**RECORDED INFORMATION:**
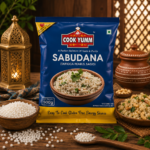 Cook Yumm Sabudana (Tapioca Pearls / Sago) – Premium Quality Gluten-Free Energy Food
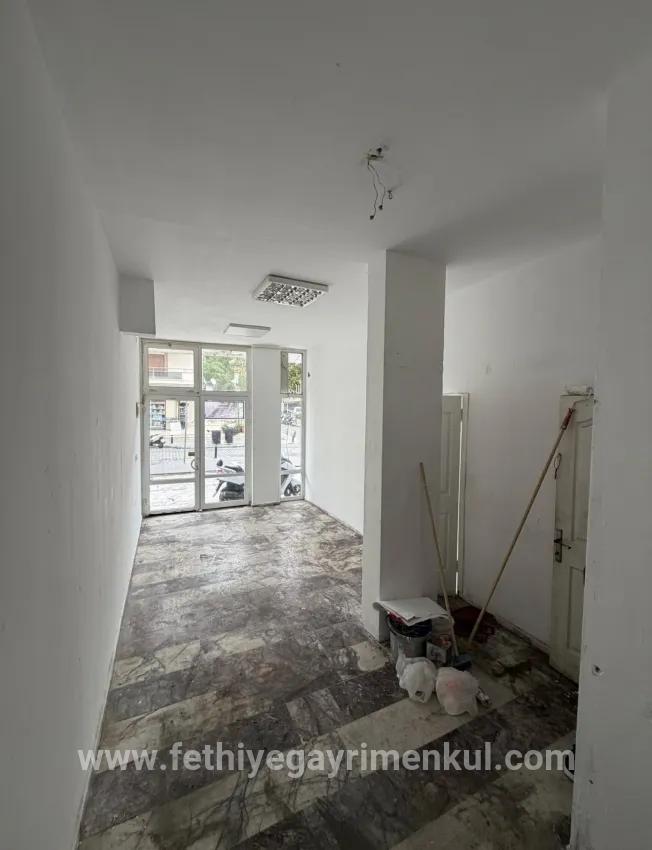 In the Marmaris marina area, 2 shops for sale, single price 60.000 Tl, rental Income available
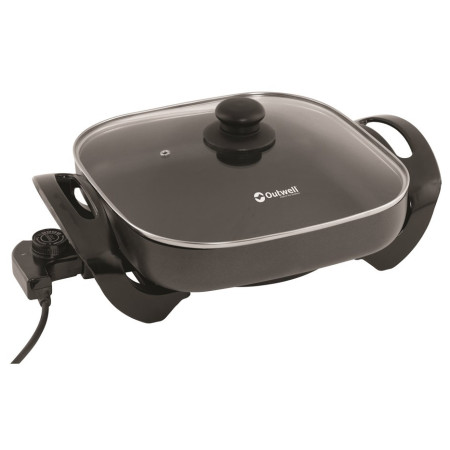 Elektrische Pfanne Outwell Whitby Skillet UK schwarz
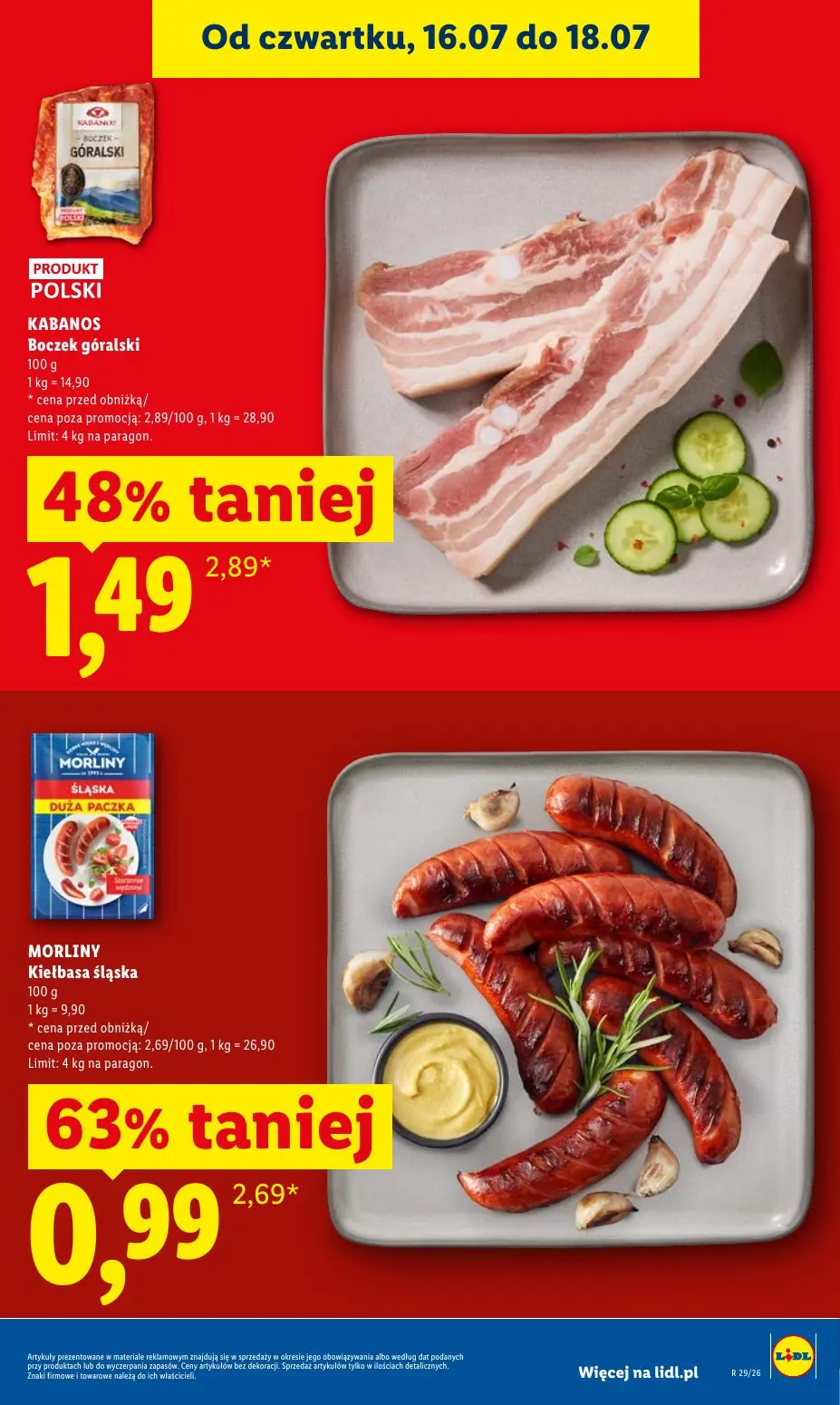 gazetka promocyjna LIDL Od czwartku - Strona 7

**WHAT THE TASK REQUIRES:** Repeat the listing word for word, and skip every picture it contains.

**RESULT OF THE EXERCISE:**
 Cook Yumm Sabudana (Tapioca Pearls / Sago) – Premium Quality Gluten-Free Energy Food
 In the Marmaris marina area, 2 shops for sale, single price 60.000 Tl, rental Income available
 Elektrische Pfanne Outwell Whitby Skillet UK schwarz
 gazetka promocyjna LIDL Od czwartku - Strona 7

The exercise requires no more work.